Jenks High School, where I work, has a planetarium in the science building. It hosts thousands of students and residents each year and is a point of local pride — when our band was in the Rose Bowl, it was the tidbit about Jenks selected to share with the nation.
For reasons unclear and inexplicable, the District is shutting it down.
I’m pretty upset — a lot of us are pretty upset — and I decided to attend tonight’s School Board meeting to share my thoughts. Here is what I said.
Thank you for the opportunity to speak tonight. I come both as a science teacher at the high school and also as a Jenks resident of six years. I’m here tonight because I believe that closing the planetarium is a significant mistake – a mistake educationally, a mistake procedurally, and a mistake symbolically. When I received the notice, I was stunned. My first reaction was dismay, followed swiftly by disappointment. The decision seems to stand opposite to the way we present this District to the world, the way we present this District to ourselves.
Jenks is unique among schools in Oklahoma in having such a facility – so much so that other local districts line up to partake. The planetarium is an excellent promoter of the District and a notable retention tool. Families notice distinctive opportunities; teachers do, too. The planetarium signals our high valuation of science and unique learning environments, giving us an easier time attracting ambitious students and supportive families as well as high-quality faculty.
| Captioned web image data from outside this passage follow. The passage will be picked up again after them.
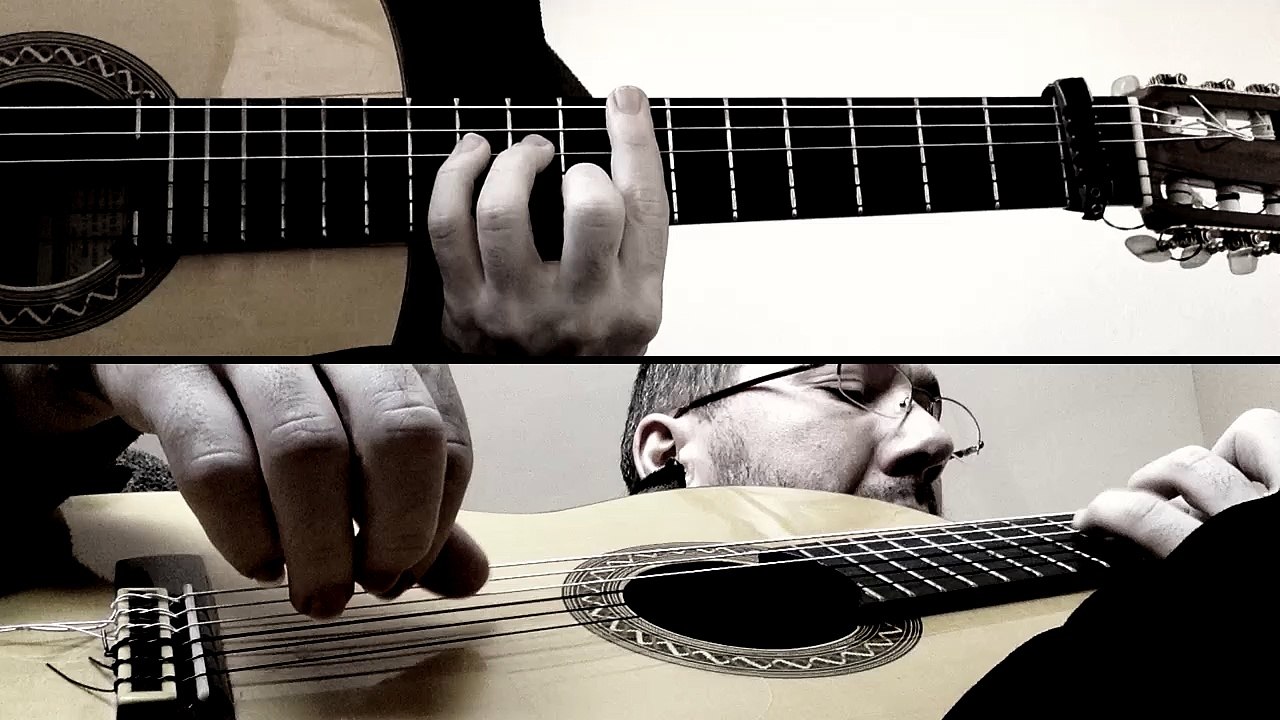 Arpeggio Exercise - 5 - Fandangos by Paco Pena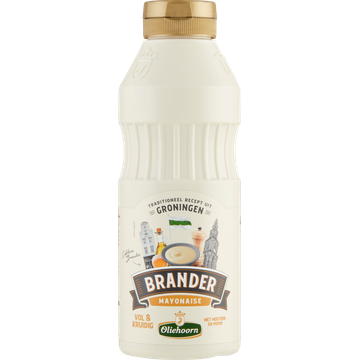 Oliehoorn Brander Mayonaise met Mosterd en Peper - JUMBO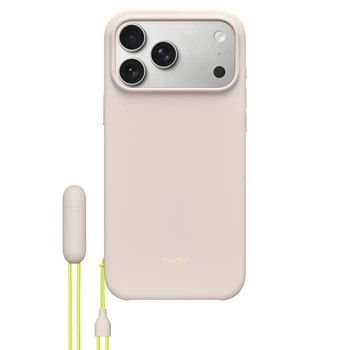 Чохол-накладка Beats iPhone 17 Pro Max Case с MagSafe та Camera Control with Kickstand Lime Stone (BTS17PMLMST)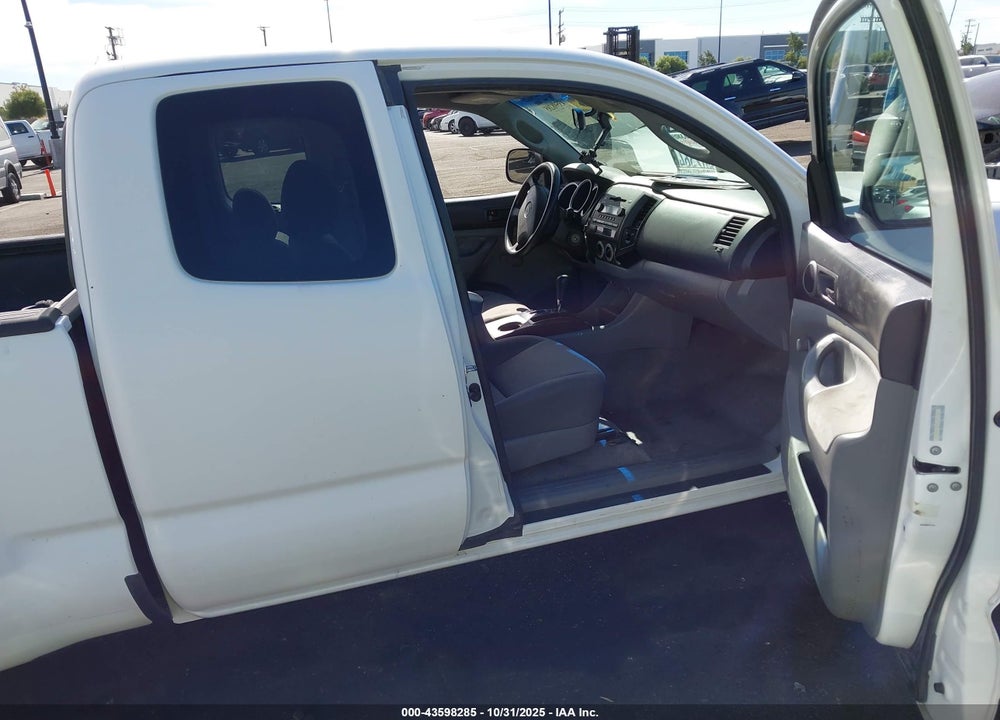2007 TOYOTA TACOMA VIN: 5TETX22N97Z395030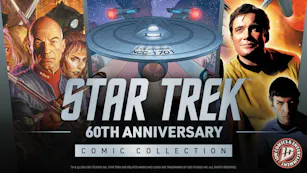 Product cover for Star Trek 60th Anniversary Comic Collection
The planetarium is an impressive multiplier. It serves the entire District population and supports not only astronomy but physics, earth science, geography, chemistry, and even cross-curricular programming. That’s an impressively efficient use of space and resources. Each year, thousands of students, from first grade through senior year, sit under that dome and are reminded that learning is bigger than themselves – that they are part of something bigger than themselves.
When I talk with people from outside the state – people who, only half-jokingly, ask why someone would move to Oklahoma to teach science – I need only mention the planetarium to quell their confusion. A planetarium universally says, we take our science education seriously. I’m not exactly sure what they’ll think when they hear we had a planetarium but abandoned it, but I can guess. In a time when science is under attack, having a public school maintain and share a planetarium is a stunning symbol of our commitment to the proposition that access to the beauty of the Universe, of science, of human learning in general, is the common and unshakable birthright of all members of society.
Shuttering it is a stunning symbol, too, whether or not that is the conscious intent.
Jenks prides itself on embodying innovation, forward thinking, and leadership in education. Far from being peripheral to that vision, the planetarium is emblematic of it. I urge the Board to reverse this decision or, at the very least, pause it. Invite stakeholder input and seriously explore ways to preserve this amazing program and facility, this obvious and irrefutable symbol of a commitment to science and higher learning. If Jenks is going to lead, let us lead by protecting the sort of program that other districts wish they had.
Thank you for your time and attention.